The accompanying drawings, which are incorporated in and constitute a part of this disclosure, illustrate exemplary embodiments and, together with the description, serve to explain the disclosed principles:

FIG. 1 illustrates an exemplary block diagram of a system (may be alternatively referred as a federated semi-supervised learning based sensitive data classification system) to classify sensitive data, in accordance with some embodiments of the present disclosure.

FIG. 2A and FIG. 2B illustrates an exemplary client-server architecture to classify sensitive data from the user query with feedback mechanism using the federated learning based sensitive data classification framework, in accordance with some embodiments of the present disclosure.

FIG. 3 illustrates an exemplary flow diagram of a method to classify sensitive data from the user query, in accordance with some embodiments of the present disclosure.

FIG. 4 illustrates an exemplary enterprise scenario having labels at server using the system of FIG. 1 , according to some embodiments of the present disclosure.
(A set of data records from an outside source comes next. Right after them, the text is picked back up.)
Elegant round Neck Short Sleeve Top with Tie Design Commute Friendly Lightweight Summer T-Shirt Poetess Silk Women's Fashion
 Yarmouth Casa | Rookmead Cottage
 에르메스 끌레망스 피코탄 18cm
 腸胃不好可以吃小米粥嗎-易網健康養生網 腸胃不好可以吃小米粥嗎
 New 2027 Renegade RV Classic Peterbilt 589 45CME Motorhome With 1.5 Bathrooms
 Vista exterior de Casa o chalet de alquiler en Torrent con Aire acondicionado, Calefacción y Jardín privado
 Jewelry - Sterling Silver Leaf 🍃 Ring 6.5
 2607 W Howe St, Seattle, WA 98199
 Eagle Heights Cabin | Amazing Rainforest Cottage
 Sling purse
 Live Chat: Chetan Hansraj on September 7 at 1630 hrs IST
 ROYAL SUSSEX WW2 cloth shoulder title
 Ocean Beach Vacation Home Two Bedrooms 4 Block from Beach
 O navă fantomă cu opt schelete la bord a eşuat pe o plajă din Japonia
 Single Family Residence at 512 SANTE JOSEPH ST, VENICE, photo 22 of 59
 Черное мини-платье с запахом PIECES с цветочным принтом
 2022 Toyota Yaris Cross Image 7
FIG. 5A through FIG. 5C illustrate an identical data distribution (IID) and non-independent identical data distribution from a Fashion-modified national institute standard technology (MNIST) dataset across ten clients with different values of alpha using the system of FIG. 1 , according to some embodiments of the present disclosure.

FIG. 6A through FIG. 60 illustrates graphical representation of accuracy between the sensitive data classification framework and conventional datasets using the system of FIG. 1 , according to some embodiments of the present disclosure.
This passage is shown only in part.